All the batch 3 jurisdictions’ tax treaties contain a provision relating to MAP, with the exception of Norway, where one of its tax treaties does not contain such provision. According to the peer review reports, the multilateral instrument (MLI) developed under BEPS Action 155 was utilized by all of these jurisdictions to bring some of their tax treaties in line with the minimum standard and bilateral negotiations were concluded (or are ongoing) in most of the jurisdictions for the treaties that are not covered by the MLI. The MLI is in force for all batch 3 jurisdictions with the exception of Spain.

Lastly, all batch 3 jurisdictions also meet the Action 14 minimum standard with respect to the implementation of MAP agreements except for the Czech Republic and Denmark that almost meet this standard. Both the Czech Republic and Denmark do not monitor the implementation of MAP agreements and they have a domestic statute of limitations, for which there is a risk that such agreements cannot be implemented where the applicable tax treaty does not include Article 25(2), second sentence, of the OECD Model Tax Convention. However, according to the peer review reports, no problems have surfaced regarding the implementation of MAP agreements in the Czech Republic and Denmark throughout the peer review process.

Best practice peer review reports

In addition to the review of the minimum standard on dispute resolution, each assessed jurisdiction can provide information and request feedback from peers on how it has adopted the 12 best practices on dispute resolution.

Denmark, Poland and Singapore requested feedback concerning their adoption of the best practices and therefore, in addition to the peer review reports, the OECD has released accompanying best practices reports for these jurisdictions.

The best practice reports are divided into the same four parts as the peer review reports on the minimum standard. Under each of these sections, the 12 best practices on MAP are addressed and if peers provided input with respect to a particular best practice, the input is reflected in the report. However, for most of the best practices, the peers provided only limited input.

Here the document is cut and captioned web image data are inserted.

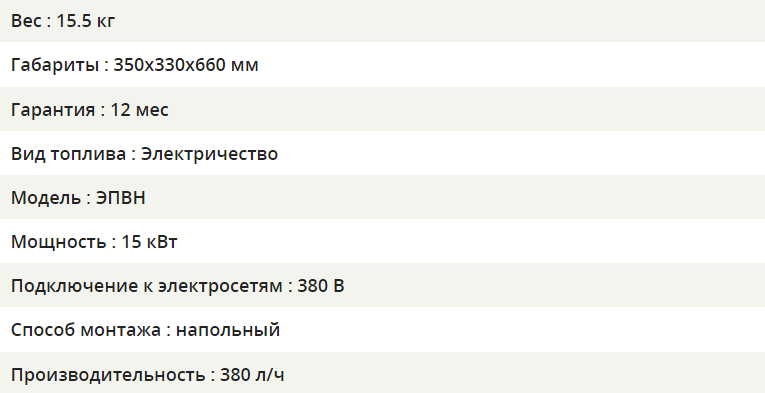 изображение_2023-02-05_124741335.png
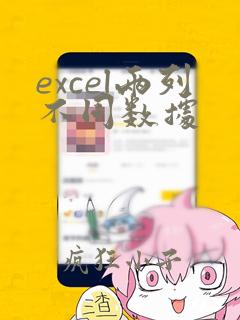 excel两列不同数据
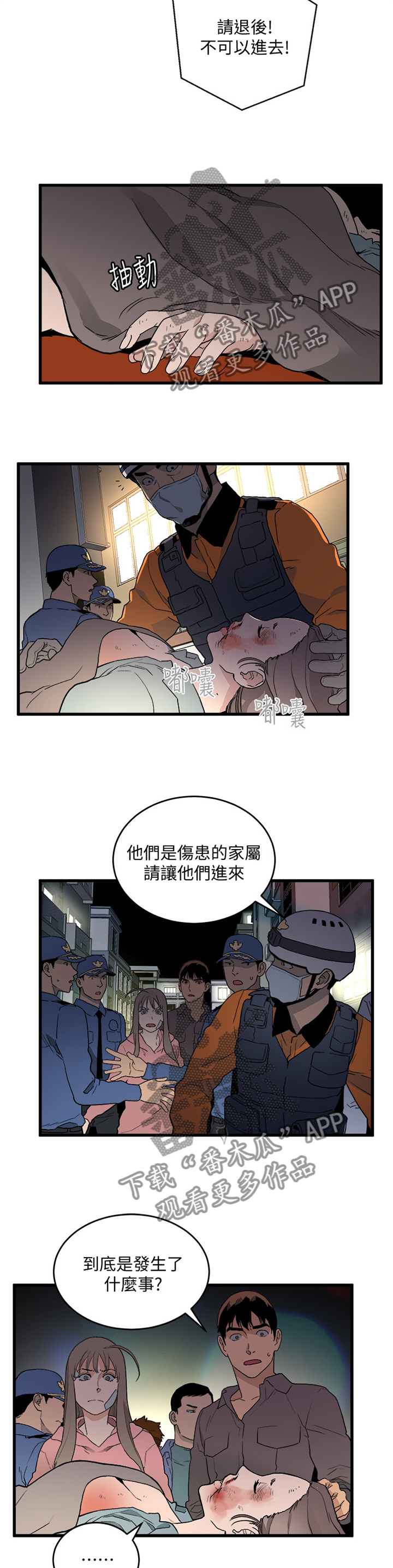 第62章：拖后腿1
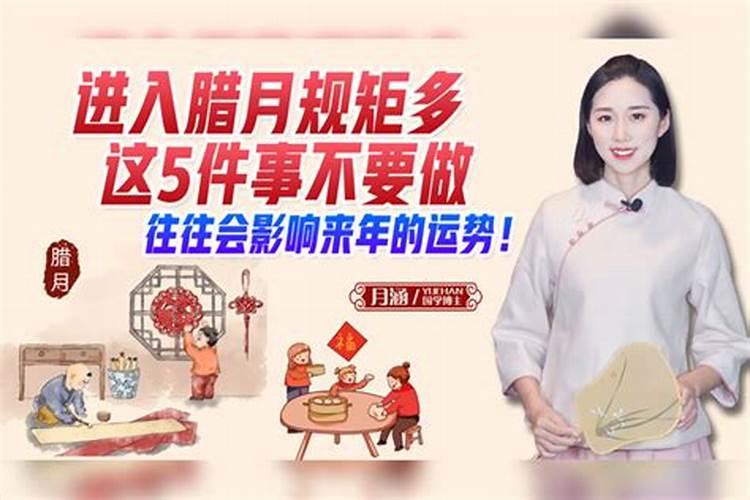 我是农历1983年12月23日生的请问是什么命？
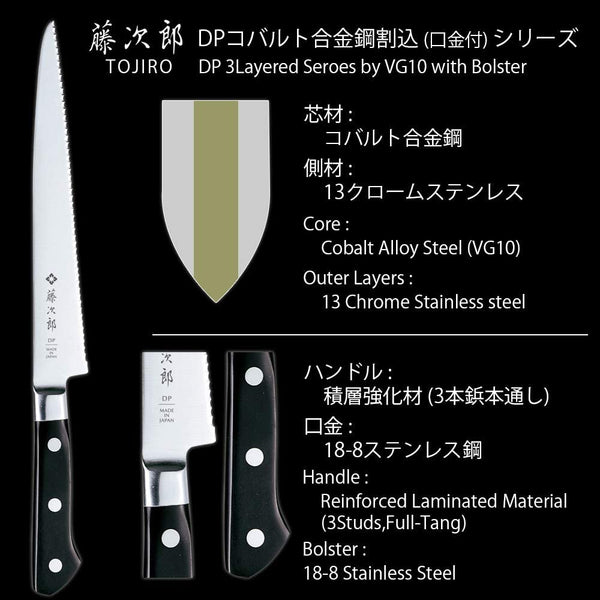 Tojiro DP Cobalt VG10 Bread Knife 3 Layered with Bolster 215mm F-828-Japanese Taste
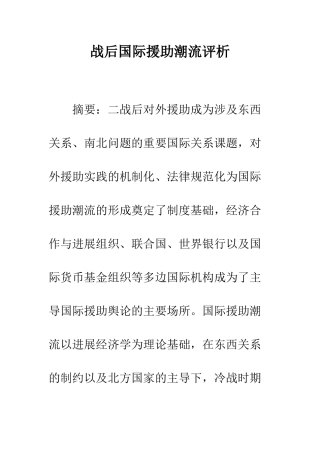 战后国际援助潮流评析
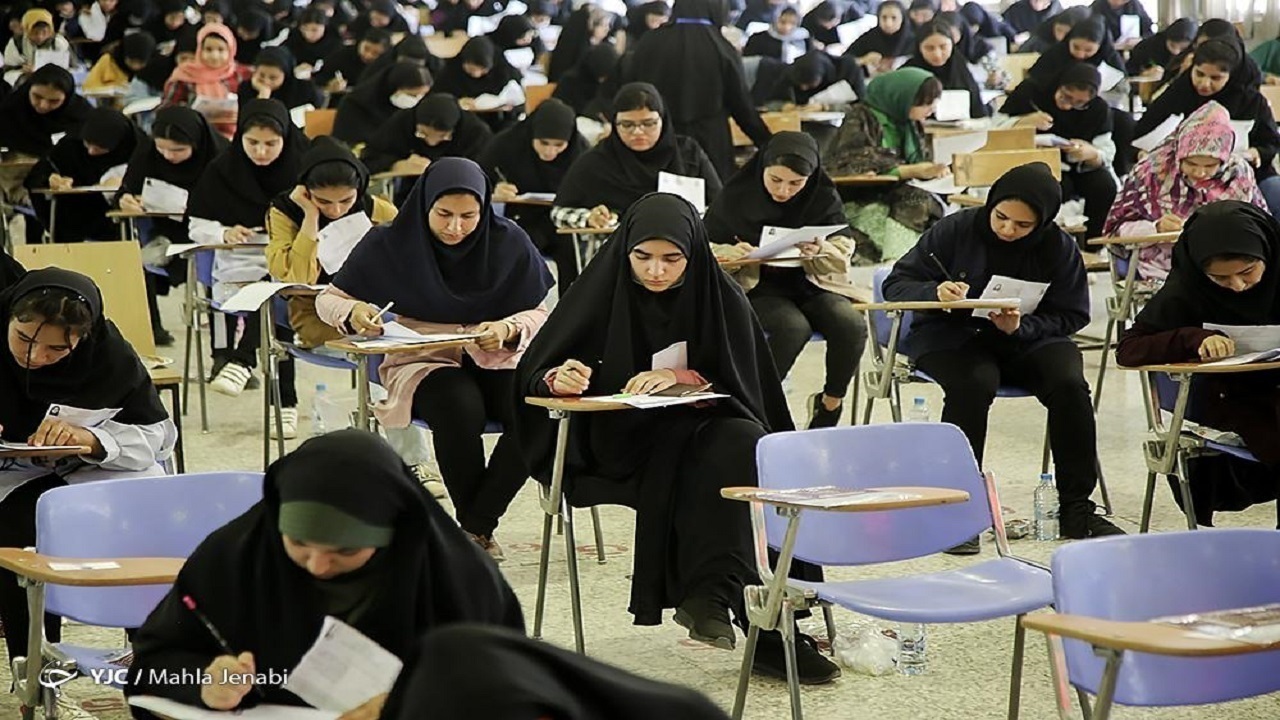 چالش‌های برگزاری آزمون استخدامی معلمان؛ زمان نامشخص و نگرانی‌های آموزشی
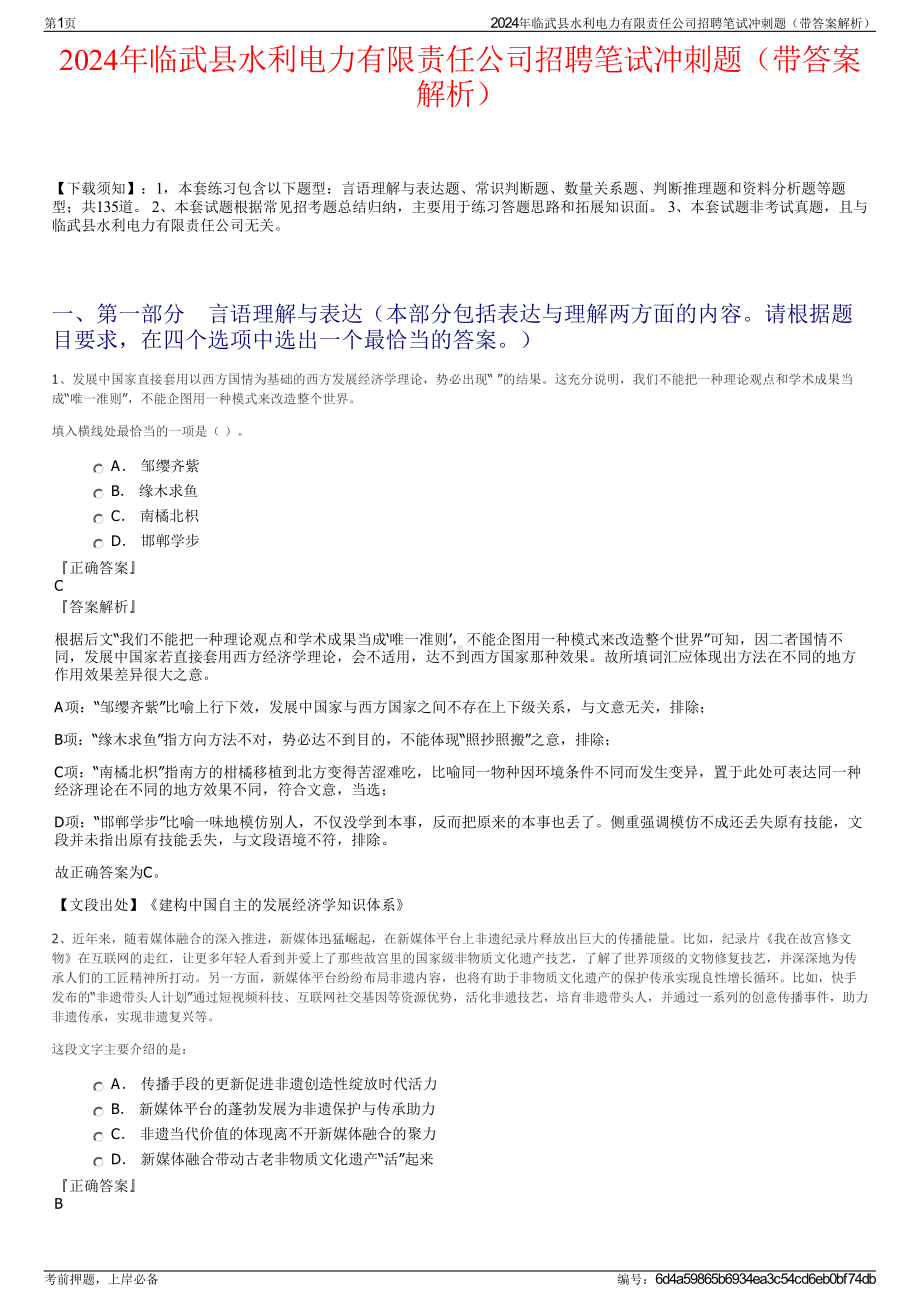 2024年临武县水利电力有限责任公司招聘笔试冲刺题（带答案解析）.pdf_第1页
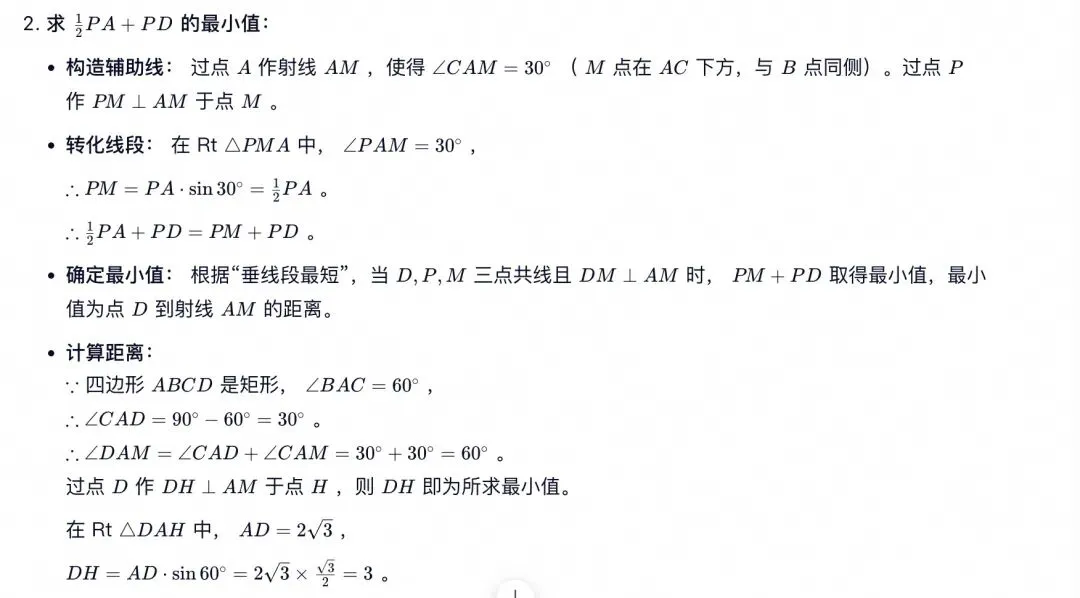 中考数学题目:胡不归模型-第3张图片-四季读书网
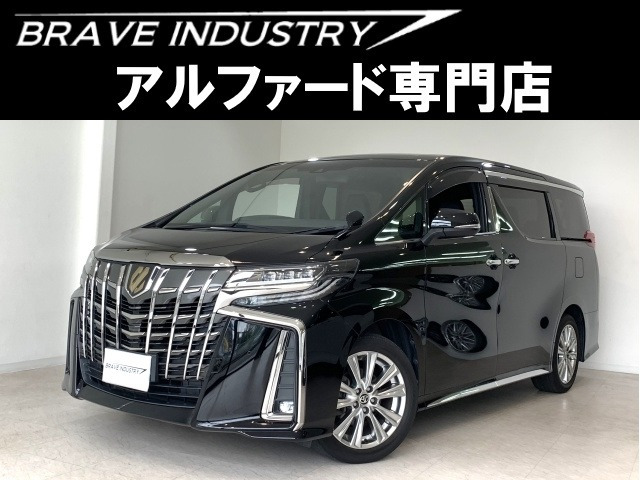 トヨタ アルファード 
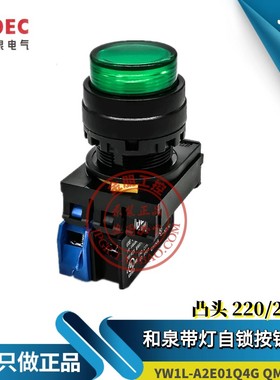 原装和泉IDEC绿色带灯凸头自锁按钮YW1L-A2E01QM3G  Q4Y 220V 24V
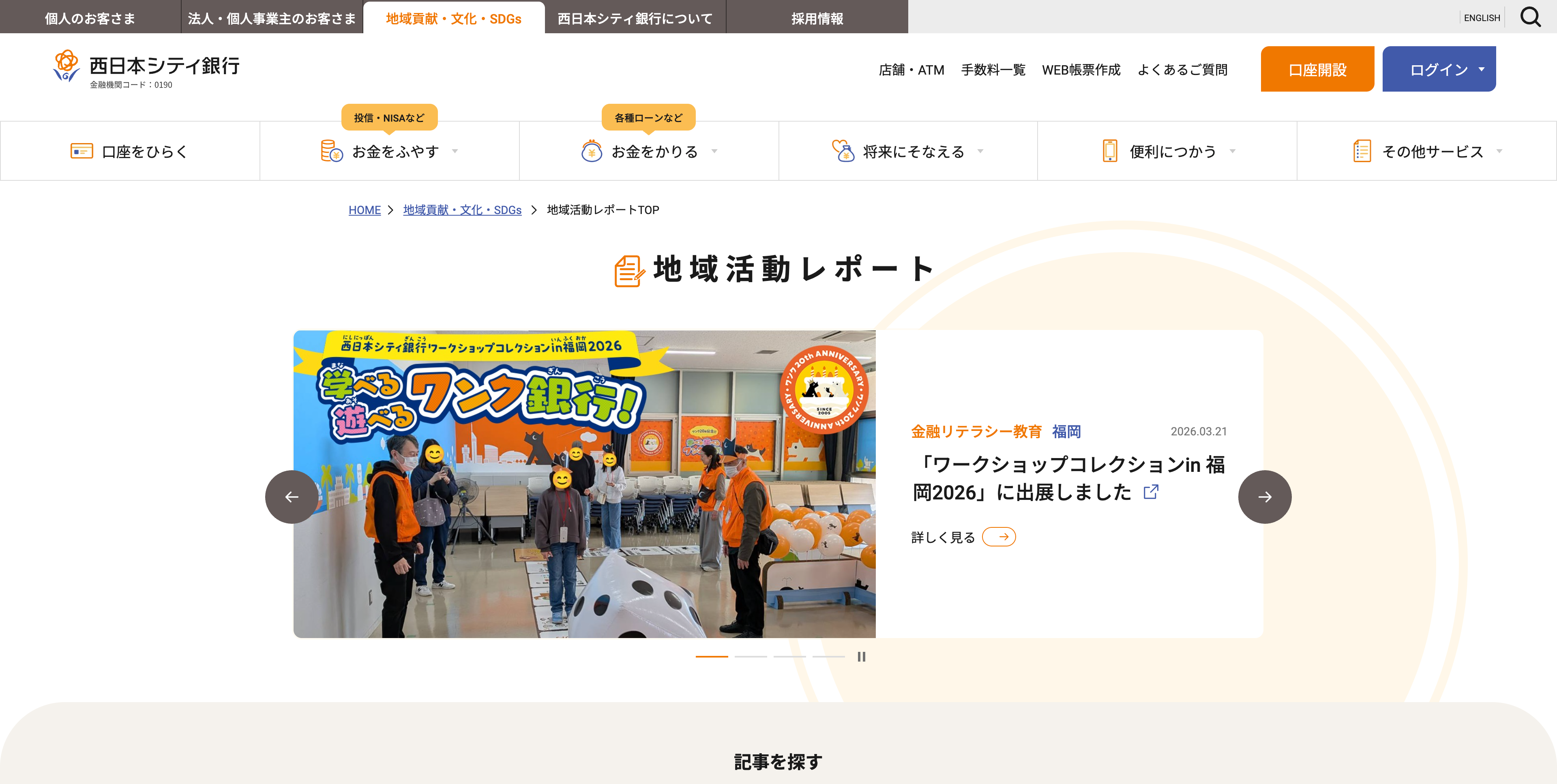 株式会社西日本シティ銀行様サイトに「地域活動レポート」専用ページを新設、microCMSで運用内製化を支援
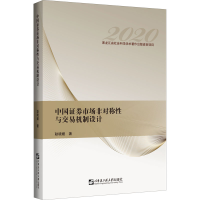 音像中国券市场非对称与易机制设计耿晓媛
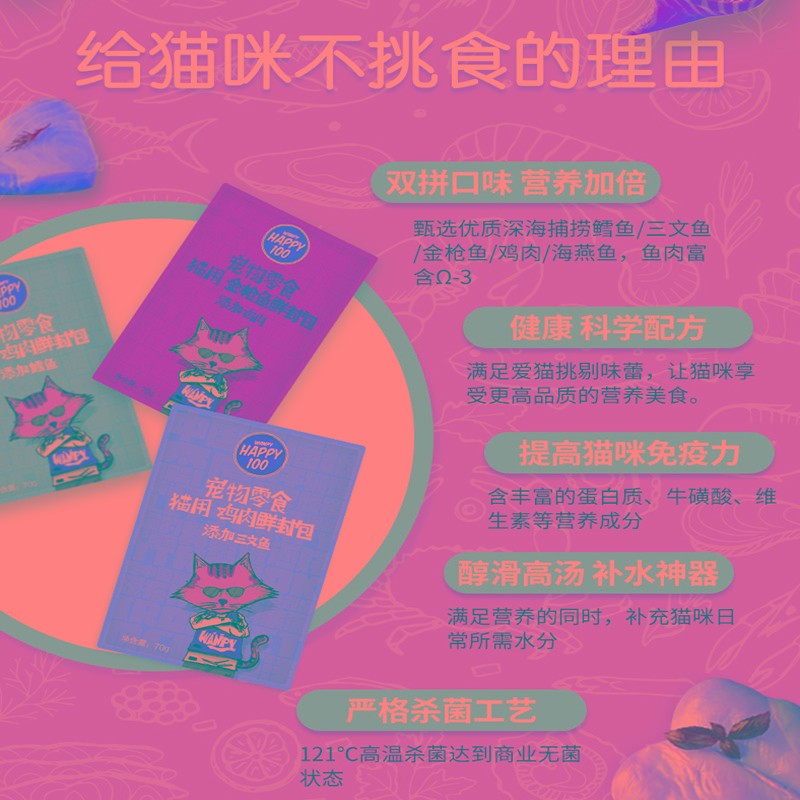 wanpy顽皮 猫零食营养增肥妙鲜封包条小鱼干猫咪零食猫罐头猫湿粮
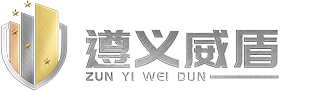 遵義市威盾保安集團(tuán)有限公司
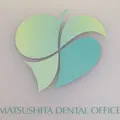 まつした齒科のロゴ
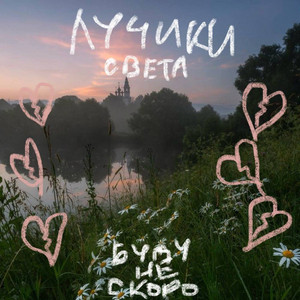 Лучики света - Single by буду не скоро | Spotify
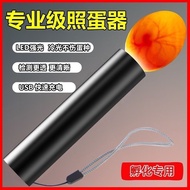 led强光冷光验鸡蛋芦丁鸡手电筒照蛋神器LED strong light cold light test egg rutin chicken flashlight  qingquan.sg202506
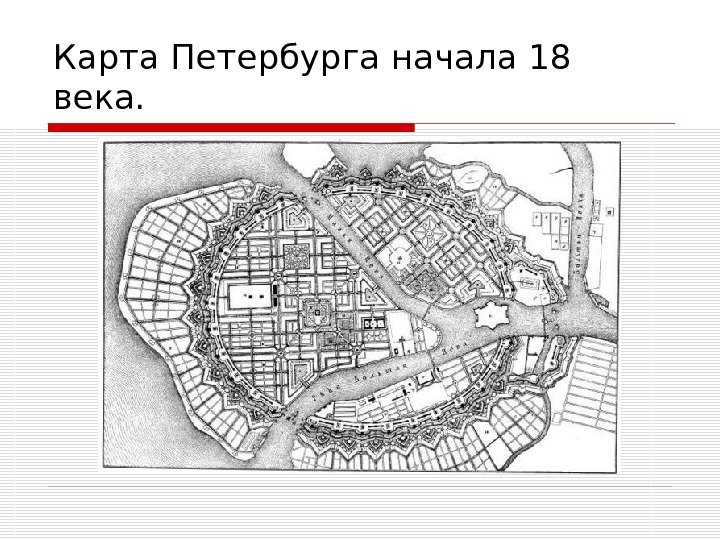 Карта спб петровских времен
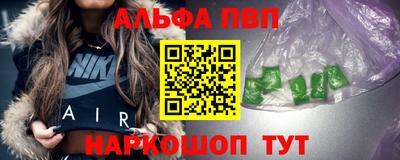 шишки Апрелевка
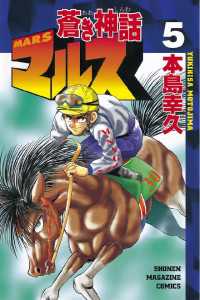 蒼き神話マルス 5 本島幸久 著 電子版 紀伊國屋書店ウェブストア オンライン書店 本 雑誌の通販 電子書籍ストア 蒼き神話マルス 5 本島幸久 著 電子版 紀伊國屋書店ウェブストア オンライン書店 本 雑誌の通販 電子書籍ストア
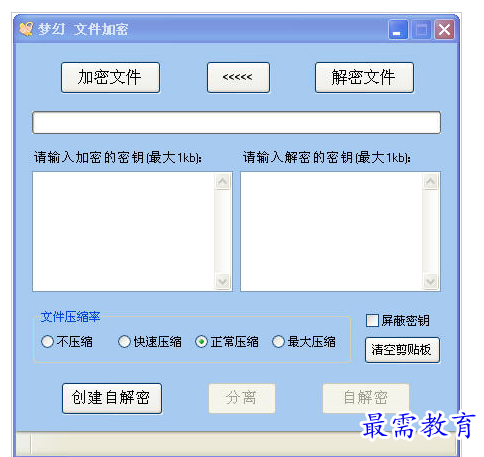 QQ图片20220720162829.png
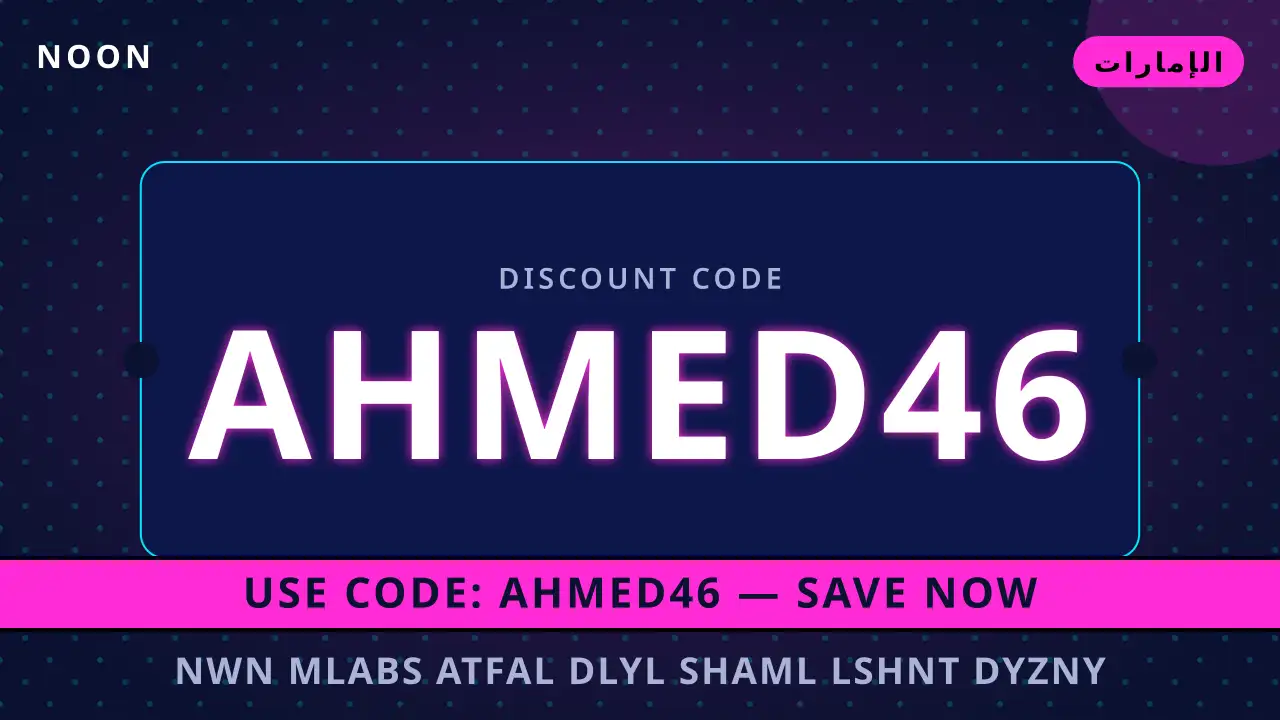 نون ملابس اطفال — noon في الإمارات | نون ملابس اطفال — noon in الإمارات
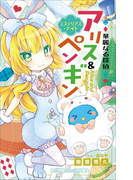 小学館ジュニア文庫 華麗なる探偵アリス&ペンギン ミステリアス・ナイト(小学館ジュニア文庫)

In a post-BEPS world, where multinational enterprises (MNEs) face tremendous pressures and scrutiny from tax authorities and the number of MAP cases continues to increase, the release of the peer review reports reflects the continued recognition of the importance to MNEs of certainty with respect to the tax treatment of cross-border transactions.

While increased scrutiny and greater subjectivity increases the risk of double taxation, the continued focus by the OECD and participating jurisdictions on the implementation of effective dispute resolution mechanisms can be seen as a positive in helping to improve access to an effective and timely MAP process.

Furthermore, the release of this third batch of Stage 2 peer review reports provides insights to taxpayers on the progress made by these jurisdictions on the availability and efficacy of their MAP processes. As the reviews of all the assessed jurisdictions continue, the OECD welcomes taxpayer input on an ongoing basis.

The OECD will continue to publish Stage 1 and Stage 2 peer review reports in accordance with the Action 14 peer review assessment schedule. Also, the OECD FTA MAP Forum started discussions on a possible strengthening of the minimum standard on Action 14 and the continuation of the deferrals of certain jurisdictions’ peer reviews. The OECD has indicated that it expects to hold a public consultation at the end of 2020.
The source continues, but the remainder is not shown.